Côté gouvernemental, la réponse est plus prudente. Le ministère des Armées affirme que ces pièces exportées par Eurolinks ne sont pas destinées à l’armée israélienne. Elles seraient « assemblées en Israël puis réexportées vers d’autres pays », selon une position défendue depuis mars 2024. Une manière pour l’exécutif de maintenir la ligne officielle : Israël reste un « partenaire » commercial, tout en affirmant vouloir limiter les dérives. Mais ces explications peinent à convaincre certains observateurs. Le site Disclose, appuyé par Marsactu, avait déjà révélé en mars que des pièces similaires étaient livrées à la société IMI Systems, fournisseur exclusif de l’armée israélienne. Deux autres livraisons de maillons auraient été expédiées vers Haïfa en avril et mai 2024.

La guerre de Gaza s’invite sur les quais

Depuis le début de la guerre menée par Israël contre le Hamas à Gaza, la France a officiellement appelé à des trêves humanitaires, tout en maintenant une ambiguïté sur ses relations commerciales avec l’État hébreu. Cette position « à deux vitesses » est précisément ce que dénoncent les dockers et leurs soutiens : un refus de rompre les liens économiques malgré les violations du droit international humanitaire rapportées par plusieurs ONG et agences de l’ONU.
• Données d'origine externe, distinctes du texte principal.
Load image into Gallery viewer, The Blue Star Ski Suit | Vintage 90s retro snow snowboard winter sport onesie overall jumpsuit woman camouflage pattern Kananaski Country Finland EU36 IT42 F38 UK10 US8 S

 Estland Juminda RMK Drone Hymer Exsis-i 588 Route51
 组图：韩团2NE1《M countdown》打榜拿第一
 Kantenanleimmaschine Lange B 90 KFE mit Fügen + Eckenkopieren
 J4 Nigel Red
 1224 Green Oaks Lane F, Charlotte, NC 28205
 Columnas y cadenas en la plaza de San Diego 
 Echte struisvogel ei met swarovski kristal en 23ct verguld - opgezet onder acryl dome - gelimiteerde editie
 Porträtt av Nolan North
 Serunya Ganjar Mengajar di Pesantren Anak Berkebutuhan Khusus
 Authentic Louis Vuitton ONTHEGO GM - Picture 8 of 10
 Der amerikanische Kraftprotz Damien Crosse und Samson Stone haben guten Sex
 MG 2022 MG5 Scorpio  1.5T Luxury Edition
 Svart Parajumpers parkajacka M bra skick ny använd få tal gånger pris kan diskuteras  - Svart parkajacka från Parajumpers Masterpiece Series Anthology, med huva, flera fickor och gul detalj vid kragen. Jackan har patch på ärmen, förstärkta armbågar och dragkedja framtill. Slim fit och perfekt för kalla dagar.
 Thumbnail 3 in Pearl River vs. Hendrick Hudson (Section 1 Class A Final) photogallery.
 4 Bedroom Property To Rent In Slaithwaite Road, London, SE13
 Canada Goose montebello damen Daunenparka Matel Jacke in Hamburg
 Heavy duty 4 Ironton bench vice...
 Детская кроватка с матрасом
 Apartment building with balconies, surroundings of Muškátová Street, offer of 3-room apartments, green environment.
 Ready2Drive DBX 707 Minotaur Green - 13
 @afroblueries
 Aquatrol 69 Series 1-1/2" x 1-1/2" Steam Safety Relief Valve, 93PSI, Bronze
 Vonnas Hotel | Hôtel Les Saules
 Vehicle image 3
Pour les syndicalistes marseillais, refuser de charger ces pièces est un acte de cohérence et de conscience. « Nous déplorons tous ces conflits armés qui engendrent la mort, la misère, l’exode », rappelle leur communiqué. Cette action locale pourrait-elle inspirer d’autres ports européens ? Ces dernières semaines, des blocages d’armes ont été menés par des dockers en Belgique, en Espagne ou aux États-Unis, dans un mouvement global de désobéissance syndicale.

La question d’un embargo total sur les armes à destination d’Israël divise la classe politique française. Pour ses partisans, il s’agirait de mettre en cohérence la politique étrangère de la France avec ses principes humanitaires. Pour ses opposants, cela reviendrait à rompre un partenariat stratégique, au moment où les tensions au Proche-Orient restent explosives. Reste que le geste des dockers marseillais pourrait marquer un tournant dans la mobilisation française contre les ventes d’armes. Une initiative syndicale qui, dans un contexte de polarisation croissante, prend des allures de résistance civile et politique.